We've shown you how to automatically download TV shows as soon as they've aired, but not everyone has infinite storage to house those episodes after they've watched them. Here's how to automatically delete old episodes and free up space.
One of the most useful functions you find on regular DVRs is the ability to delete episodes once they're more than a week or two old, to keep space free on your hard drive. Unfortunately, Sick Beard -- the program we use to turn our computers into an "internet PVR" -- doesn't have this feature, and it's not like terabytes of storage grow on trees. The "old episodes" problem is especially prevalent with shows that air daily -- like late-night talk shows -- since they can eat up storage fast.
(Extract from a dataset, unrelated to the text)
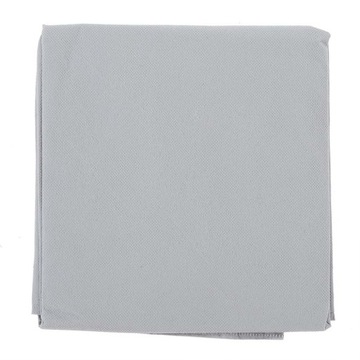 Портативный складной шезлонг для улицы, пляжа, сада, патио.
Luckily, you can fix this problem with our favourite automatic file-organising tools: Belvedere for Windows and Hazel for Mac.
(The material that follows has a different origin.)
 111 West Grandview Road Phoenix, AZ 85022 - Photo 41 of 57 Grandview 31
We've detailed how to use these programs before, and this specific rule is easy to put together. Just set up a new rule for the TV show folder you want to monitor that looks something like this:
Date last modified -> Is not in the last -> 1 weeks
Since our setup downloads TV shows as they air, the "Date Modified" date should be the same as the air date (plus or minus a day, depending). Obviously, change the timeframe as you see fit -- if it's a daily show, you might want to use something low like a week or a few days, while weekly shows can probably go with longer periods of time. You'll need to set up a different rule for each TV show's folder (which is fine, since you probably have different rules you want to put in place for different shows).
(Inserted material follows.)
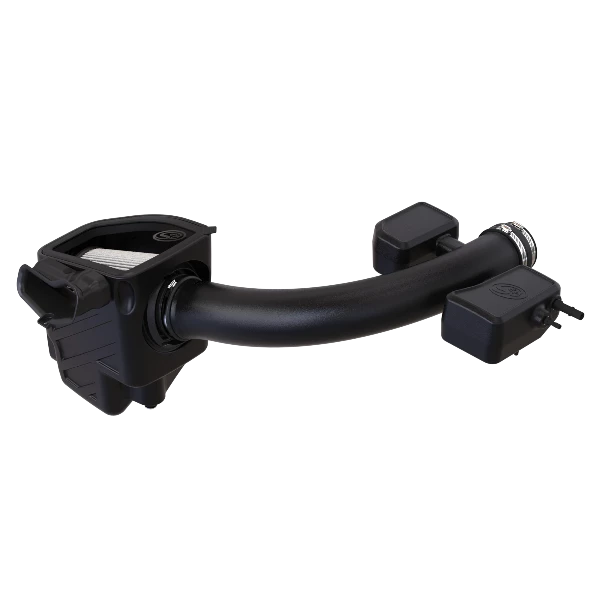 Load image into Gallery viewer, S&B | 2020-2022 Ford F250 / F350 6.2L Gas Cold Air Intake Dry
Remember also that the computer running Belvedere or Hazel doesn't need to be the same computer housing your files. If you're storing your TV shows on a NAS, for example, you can just share your NAS' media folder with your main PC, install Belvedere on your main PC, and point it to the shared network folder. As long as you keep your main PC on or use it on a relatively regular basis, Belvedere will run in the background and clean up those episodes whenever they get a little stale.